After a bout of meningitis triggered a chronic fatigue condition as a child, everything changed for Frank Perrino. While the other kids played on the field, he felt like his shoes were filled with 100-pound weights. Looking back, he can remember only a couple of days when he was full of energy and the world seemed bright.

ball and chain

Perrino felt like he was dragging a 100 lb ball around – until he tried Xyrem.

Still, he plodded on and made it through medical school. At one point, he was diagnosed with sleep apnea and put on a CPAP machine, which helped, but not as much as he’d hoped.

Perrino was 45 years old when something happened that changed his life. While researching a new sleep compound called Xyrem, his doctor, Neil Feldman, asked him to be a human guinea pig. Feldman was worried that Xyrem would cause the sleep in people with sleep apnea to collapse, not get better, and he wanted to test the drug on Perrino first.

Instead, the opposite happened.

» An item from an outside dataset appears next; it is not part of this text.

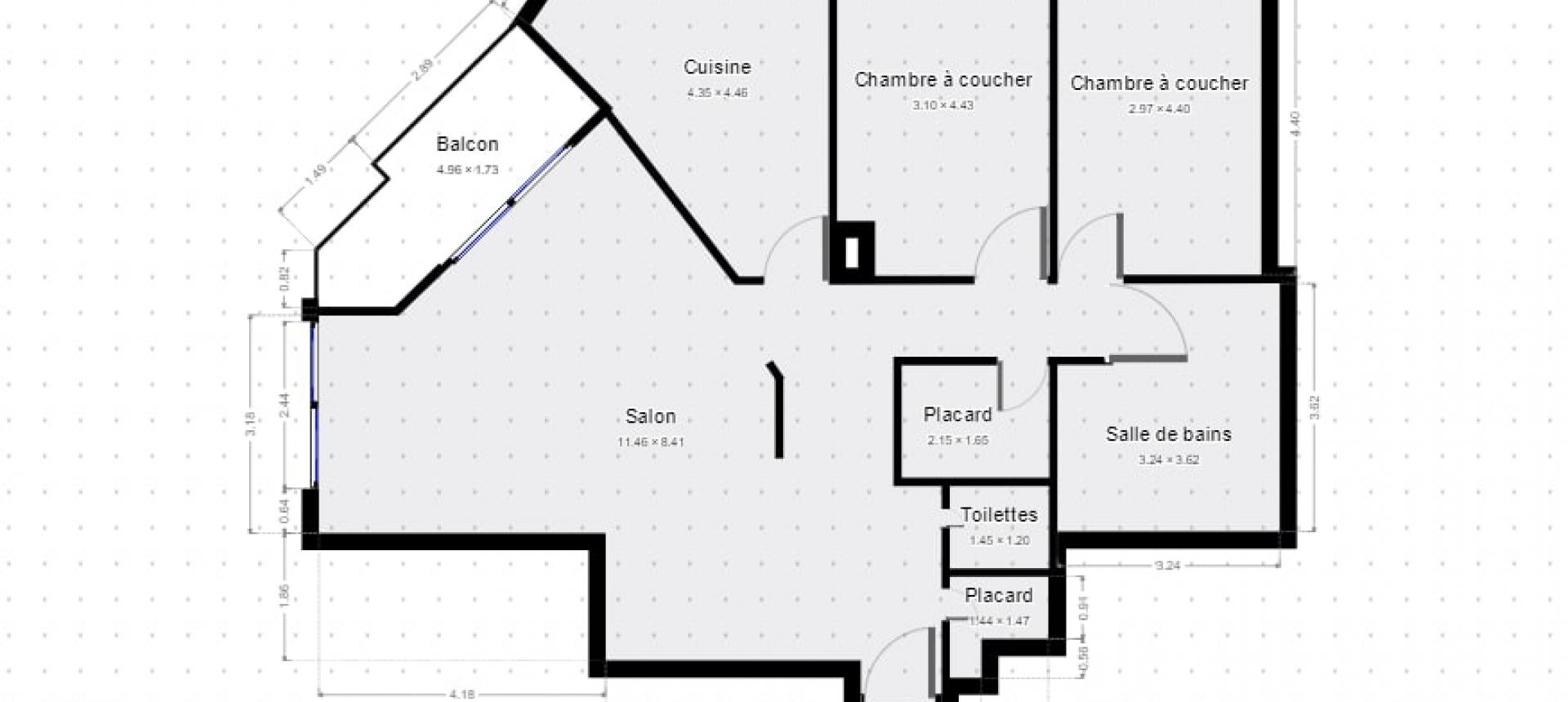 F3 Quartier des étrangers  Ajaccio - Plan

Perrino’s fatigue, sleepiness, brain fog, and depression disappeared; his energy returned as he made a near full recovery. He’s been on Xyrem ever since.

The GIST

  • narcolepsy

    Are some people with ME/CFS/FM on the narcoleptic spectrum Dr Mullington’s sleep study will provide some answers.

    Three years ago, I had several discussions with a retired ME/CFS/FM doctor (who also had ME/CFS/FM) named Frank Perrino, focusing on the sleep problems in these diseases.  At some point, we drifted out of touch, and Perrino did not review this post. With Tonix’s Tomnya’s approval, though, I thought it was time to publish it.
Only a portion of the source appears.